HOW TO COMPLETE THIS TASK: Consider the listing below. Extract exactly the lines from the line containing "HONDA N BOX 2013" to the line containing "루이비통 남성 S 락", both included.

GIVEN INFORMATION:
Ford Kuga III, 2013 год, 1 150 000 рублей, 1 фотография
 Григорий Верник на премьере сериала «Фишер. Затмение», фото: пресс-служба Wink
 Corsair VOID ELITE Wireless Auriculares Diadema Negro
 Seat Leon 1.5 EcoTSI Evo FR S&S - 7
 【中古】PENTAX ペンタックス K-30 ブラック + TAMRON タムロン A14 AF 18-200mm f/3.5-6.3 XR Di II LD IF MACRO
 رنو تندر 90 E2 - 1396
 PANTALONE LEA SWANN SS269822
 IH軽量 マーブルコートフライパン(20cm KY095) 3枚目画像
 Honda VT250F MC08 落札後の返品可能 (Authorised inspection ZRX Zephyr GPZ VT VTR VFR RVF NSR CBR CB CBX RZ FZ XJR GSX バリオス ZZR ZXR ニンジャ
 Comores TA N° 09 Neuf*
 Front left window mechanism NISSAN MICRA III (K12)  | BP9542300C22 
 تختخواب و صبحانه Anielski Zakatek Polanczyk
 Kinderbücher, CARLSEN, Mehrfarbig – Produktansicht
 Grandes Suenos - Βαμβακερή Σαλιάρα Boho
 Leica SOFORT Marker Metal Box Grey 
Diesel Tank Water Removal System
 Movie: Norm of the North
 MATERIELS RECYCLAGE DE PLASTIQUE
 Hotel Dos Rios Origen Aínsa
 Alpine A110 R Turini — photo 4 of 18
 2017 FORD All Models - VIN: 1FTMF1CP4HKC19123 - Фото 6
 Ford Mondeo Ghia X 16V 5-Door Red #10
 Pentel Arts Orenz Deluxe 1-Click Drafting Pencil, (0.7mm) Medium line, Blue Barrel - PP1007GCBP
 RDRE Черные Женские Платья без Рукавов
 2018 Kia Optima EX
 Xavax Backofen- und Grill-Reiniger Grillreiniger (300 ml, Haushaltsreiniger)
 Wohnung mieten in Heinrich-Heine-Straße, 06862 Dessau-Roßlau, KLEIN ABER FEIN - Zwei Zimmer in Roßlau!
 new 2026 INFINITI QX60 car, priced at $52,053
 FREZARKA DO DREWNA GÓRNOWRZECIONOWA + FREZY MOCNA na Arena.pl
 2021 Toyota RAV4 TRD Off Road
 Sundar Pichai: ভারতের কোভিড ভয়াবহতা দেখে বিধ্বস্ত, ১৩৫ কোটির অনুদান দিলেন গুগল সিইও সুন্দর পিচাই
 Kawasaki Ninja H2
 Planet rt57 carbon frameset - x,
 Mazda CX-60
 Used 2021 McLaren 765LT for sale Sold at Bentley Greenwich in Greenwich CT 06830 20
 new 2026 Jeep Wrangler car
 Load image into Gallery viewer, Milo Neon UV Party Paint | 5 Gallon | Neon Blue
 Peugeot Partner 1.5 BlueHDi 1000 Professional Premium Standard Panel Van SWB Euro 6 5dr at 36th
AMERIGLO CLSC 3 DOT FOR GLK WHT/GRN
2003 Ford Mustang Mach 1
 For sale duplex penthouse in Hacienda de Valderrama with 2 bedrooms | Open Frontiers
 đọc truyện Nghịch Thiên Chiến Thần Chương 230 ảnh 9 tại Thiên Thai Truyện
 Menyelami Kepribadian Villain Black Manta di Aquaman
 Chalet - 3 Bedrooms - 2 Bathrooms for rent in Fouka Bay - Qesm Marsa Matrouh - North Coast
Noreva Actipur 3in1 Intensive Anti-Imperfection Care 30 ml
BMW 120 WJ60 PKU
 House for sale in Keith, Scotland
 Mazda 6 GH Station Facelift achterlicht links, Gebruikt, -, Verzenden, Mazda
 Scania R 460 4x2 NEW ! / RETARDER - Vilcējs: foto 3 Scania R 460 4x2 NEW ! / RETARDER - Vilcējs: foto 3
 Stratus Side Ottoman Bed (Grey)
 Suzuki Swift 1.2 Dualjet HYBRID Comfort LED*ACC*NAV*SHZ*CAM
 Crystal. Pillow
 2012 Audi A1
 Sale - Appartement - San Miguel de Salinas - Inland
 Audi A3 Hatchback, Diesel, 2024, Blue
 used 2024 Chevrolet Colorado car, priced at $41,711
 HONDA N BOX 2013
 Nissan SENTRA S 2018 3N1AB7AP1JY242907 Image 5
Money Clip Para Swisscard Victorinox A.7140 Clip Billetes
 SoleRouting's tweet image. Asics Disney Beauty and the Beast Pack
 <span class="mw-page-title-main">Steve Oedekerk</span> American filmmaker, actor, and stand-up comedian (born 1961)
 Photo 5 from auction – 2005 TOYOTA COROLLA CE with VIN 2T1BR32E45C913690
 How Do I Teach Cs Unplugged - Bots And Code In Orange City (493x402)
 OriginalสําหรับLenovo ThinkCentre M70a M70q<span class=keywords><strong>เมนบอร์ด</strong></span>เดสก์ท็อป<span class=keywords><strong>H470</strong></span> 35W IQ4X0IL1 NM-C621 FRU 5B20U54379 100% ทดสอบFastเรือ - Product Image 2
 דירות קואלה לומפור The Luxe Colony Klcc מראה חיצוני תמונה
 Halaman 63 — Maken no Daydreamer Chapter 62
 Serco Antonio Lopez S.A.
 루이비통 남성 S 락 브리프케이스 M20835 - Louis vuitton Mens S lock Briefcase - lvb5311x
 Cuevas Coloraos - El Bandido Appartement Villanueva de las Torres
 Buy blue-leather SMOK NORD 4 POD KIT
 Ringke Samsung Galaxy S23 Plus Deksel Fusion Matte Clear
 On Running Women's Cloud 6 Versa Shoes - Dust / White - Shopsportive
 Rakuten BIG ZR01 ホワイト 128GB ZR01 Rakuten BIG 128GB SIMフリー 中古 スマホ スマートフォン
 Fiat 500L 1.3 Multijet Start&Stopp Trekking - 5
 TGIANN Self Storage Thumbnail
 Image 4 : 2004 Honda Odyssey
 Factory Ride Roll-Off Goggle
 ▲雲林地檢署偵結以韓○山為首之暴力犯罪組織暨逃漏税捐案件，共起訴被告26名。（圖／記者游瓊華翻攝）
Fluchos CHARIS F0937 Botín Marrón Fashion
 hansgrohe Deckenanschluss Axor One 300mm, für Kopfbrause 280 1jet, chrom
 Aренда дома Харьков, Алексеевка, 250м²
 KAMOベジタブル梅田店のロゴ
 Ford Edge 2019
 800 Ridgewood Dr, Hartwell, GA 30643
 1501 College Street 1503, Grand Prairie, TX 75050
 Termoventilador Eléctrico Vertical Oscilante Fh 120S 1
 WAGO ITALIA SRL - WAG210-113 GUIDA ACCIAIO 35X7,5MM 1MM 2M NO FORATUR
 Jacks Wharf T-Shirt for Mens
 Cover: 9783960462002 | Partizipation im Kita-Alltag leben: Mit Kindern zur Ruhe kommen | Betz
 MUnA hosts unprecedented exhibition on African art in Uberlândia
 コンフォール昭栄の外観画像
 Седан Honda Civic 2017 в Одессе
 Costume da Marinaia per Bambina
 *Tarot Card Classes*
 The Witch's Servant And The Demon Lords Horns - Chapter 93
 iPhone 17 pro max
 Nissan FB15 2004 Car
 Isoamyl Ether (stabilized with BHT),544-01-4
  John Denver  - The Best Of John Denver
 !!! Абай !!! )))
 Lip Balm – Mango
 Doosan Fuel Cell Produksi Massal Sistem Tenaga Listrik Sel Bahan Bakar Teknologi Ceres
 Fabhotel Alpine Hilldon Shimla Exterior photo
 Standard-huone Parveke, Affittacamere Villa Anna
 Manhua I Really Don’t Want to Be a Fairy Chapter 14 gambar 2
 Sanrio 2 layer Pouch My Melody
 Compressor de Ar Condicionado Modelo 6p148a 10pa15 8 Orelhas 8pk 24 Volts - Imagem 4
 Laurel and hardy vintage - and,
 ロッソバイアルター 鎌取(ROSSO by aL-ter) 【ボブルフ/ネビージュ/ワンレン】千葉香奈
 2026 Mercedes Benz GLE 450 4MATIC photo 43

RESULT FOR THIS EXERCISE:
 HONDA N BOX 2013
 Nissan SENTRA S 2018 3N1AB7AP1JY242907 Image 5
Money Clip Para Swisscard Victorinox A.7140 Clip Billetes
 SoleRouting's tweet image. Asics Disney Beauty and the Beast Pack
 <span class="mw-page-title-main">Steve Oedekerk</span> American filmmaker, actor, and stand-up comedian (born 1961)
 Photo 5 from auction – 2005 TOYOTA COROLLA CE with VIN 2T1BR32E45C913690
 How Do I Teach Cs Unplugged - Bots And Code In Orange City (493x402)
 OriginalสําหรับLenovo ThinkCentre M70a M70q<span class=keywords><strong>เมนบอร์ด</strong></span>เดสก์ท็อป<span class=keywords><strong>H470</strong></span> 35W IQ4X0IL1 NM-C621 FRU 5B20U54379 100% ทดสอบFastเรือ - Product Image 2
 דירות קואלה לומפור The Luxe Colony Klcc מראה חיצוני תמונה
 Halaman 63 — Maken no Daydreamer Chapter 62
 Serco Antonio Lopez S.A.
 루이비통 남성 S 락 브리프케이스 M20835 - Louis vuitton Mens S lock Briefcase - lvb5311x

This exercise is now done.